Thursday, September 1, 2011

September My Saviour Has Failed Me

August was not a good month for me. In fact, it was a horrible month. There was a lot of crying, questionable hygiene, and on one really low night cheesecake for dinner followed by a wine/Nyquil night cap (not my proudest moment!). A large part of my downward spiral had to do with a boy. (Wait, no one saw that one coming did they? Women never turn to crying, complex carbohydrates, and liquor to ease the pain of their broken heart). For the first time, I was dating a man who had everything on my checklist and I was crazy about him. In hindsight, I should add emotional availability and no fear of commitment to my checklist. After a weekend trip to Virginia, he dropped me back home, hugged me, and told me to have a great week. I never saw him again. I even googled his obituary, but I believe he is still alive.

With the happy dating life gone, I sunk into a depression and realized I was generally unhappy with the overall direction of my life. But with the end of August approaching, I took a Pollyanna like approach to September. September was going to be my month: a New Year’s four months early. I created the usual lofty goals of eating better, working out more, figuring my life, getting my shit together, doing more activities, etc.

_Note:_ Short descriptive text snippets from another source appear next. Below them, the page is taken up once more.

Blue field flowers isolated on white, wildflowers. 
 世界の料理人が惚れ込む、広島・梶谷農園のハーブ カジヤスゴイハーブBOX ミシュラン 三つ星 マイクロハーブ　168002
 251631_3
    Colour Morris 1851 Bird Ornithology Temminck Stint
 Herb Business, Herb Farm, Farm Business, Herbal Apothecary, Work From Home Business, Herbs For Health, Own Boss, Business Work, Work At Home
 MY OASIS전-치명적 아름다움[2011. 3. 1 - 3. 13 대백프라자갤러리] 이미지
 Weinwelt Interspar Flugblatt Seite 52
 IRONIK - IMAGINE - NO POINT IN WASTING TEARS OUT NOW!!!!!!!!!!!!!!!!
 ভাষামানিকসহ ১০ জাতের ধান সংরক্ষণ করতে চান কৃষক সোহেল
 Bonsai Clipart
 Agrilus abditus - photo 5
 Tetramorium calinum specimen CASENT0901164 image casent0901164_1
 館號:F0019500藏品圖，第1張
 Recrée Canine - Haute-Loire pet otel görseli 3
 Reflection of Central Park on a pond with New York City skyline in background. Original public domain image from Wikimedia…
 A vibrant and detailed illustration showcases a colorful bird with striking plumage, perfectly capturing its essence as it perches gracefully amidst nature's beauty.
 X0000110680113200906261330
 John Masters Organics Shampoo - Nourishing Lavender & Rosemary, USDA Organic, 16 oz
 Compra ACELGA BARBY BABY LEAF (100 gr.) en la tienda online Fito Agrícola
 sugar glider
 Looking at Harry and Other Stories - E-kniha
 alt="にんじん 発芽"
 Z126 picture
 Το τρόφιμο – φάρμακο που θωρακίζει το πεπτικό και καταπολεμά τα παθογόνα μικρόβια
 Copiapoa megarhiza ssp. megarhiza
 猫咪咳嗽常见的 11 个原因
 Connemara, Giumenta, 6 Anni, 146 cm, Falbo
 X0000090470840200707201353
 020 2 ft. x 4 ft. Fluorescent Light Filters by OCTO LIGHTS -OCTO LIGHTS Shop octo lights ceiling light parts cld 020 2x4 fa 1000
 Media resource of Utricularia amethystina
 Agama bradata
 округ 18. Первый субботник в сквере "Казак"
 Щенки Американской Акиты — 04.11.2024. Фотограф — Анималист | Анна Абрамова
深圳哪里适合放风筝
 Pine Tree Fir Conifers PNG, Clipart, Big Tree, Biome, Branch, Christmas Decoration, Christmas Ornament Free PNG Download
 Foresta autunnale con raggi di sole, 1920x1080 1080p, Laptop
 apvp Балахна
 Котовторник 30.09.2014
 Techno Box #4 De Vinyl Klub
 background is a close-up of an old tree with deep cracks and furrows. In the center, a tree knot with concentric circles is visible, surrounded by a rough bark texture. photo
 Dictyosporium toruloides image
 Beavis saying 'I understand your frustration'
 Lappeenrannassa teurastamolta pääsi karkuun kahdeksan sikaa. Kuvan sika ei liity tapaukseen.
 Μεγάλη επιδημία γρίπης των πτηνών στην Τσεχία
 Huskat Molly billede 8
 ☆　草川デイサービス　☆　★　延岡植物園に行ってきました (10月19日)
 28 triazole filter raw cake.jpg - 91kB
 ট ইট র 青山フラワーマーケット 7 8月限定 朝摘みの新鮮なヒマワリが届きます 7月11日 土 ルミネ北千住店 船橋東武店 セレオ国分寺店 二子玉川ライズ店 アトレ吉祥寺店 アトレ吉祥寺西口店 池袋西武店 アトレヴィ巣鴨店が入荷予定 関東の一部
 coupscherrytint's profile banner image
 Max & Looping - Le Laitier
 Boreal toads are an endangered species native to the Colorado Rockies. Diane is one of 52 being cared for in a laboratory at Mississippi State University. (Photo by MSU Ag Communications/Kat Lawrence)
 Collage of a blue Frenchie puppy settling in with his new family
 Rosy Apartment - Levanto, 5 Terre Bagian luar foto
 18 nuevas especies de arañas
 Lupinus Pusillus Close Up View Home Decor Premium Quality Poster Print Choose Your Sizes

Today was the start of September: the month meant to save me; the month of promise and renewal; my month. But let us not forget, this is Cherry we are talking about and I have bizarrely horrendous luck. I woke this morning at 4 am and had an almost two hour bout of insomnia, where in a weak, sleep-deprived delirium, my mind replayed my relationship with the man I swore to stop thinking about. I finally feel asleep twenty minutes before my alarm went off. So, of course when it went off, I ignored it and overslept 40 minutes (one of my new goals was to get up on time). I finally got up and after a vigorous session of oral hygiene, in which I was too overzealous in the tongue cleaning, I threw up a dozen times. It was there staring back at my neon yellow vile, I had the horrible realization that September may not be savior after all. My social evening plans with a friend were cancelled, leaving me alone with a large plate of Rice Krispy treats I made for the occasion. They were my dinner (there goes the eating healthy). All in all, the first day of my September renewal failed me terribly. But just when I was about to give up, the musical iPod shuffle gods reminded me to “Don’t Stop Believing”. Ok, Journey, I trust you! Bring it on September 2nd.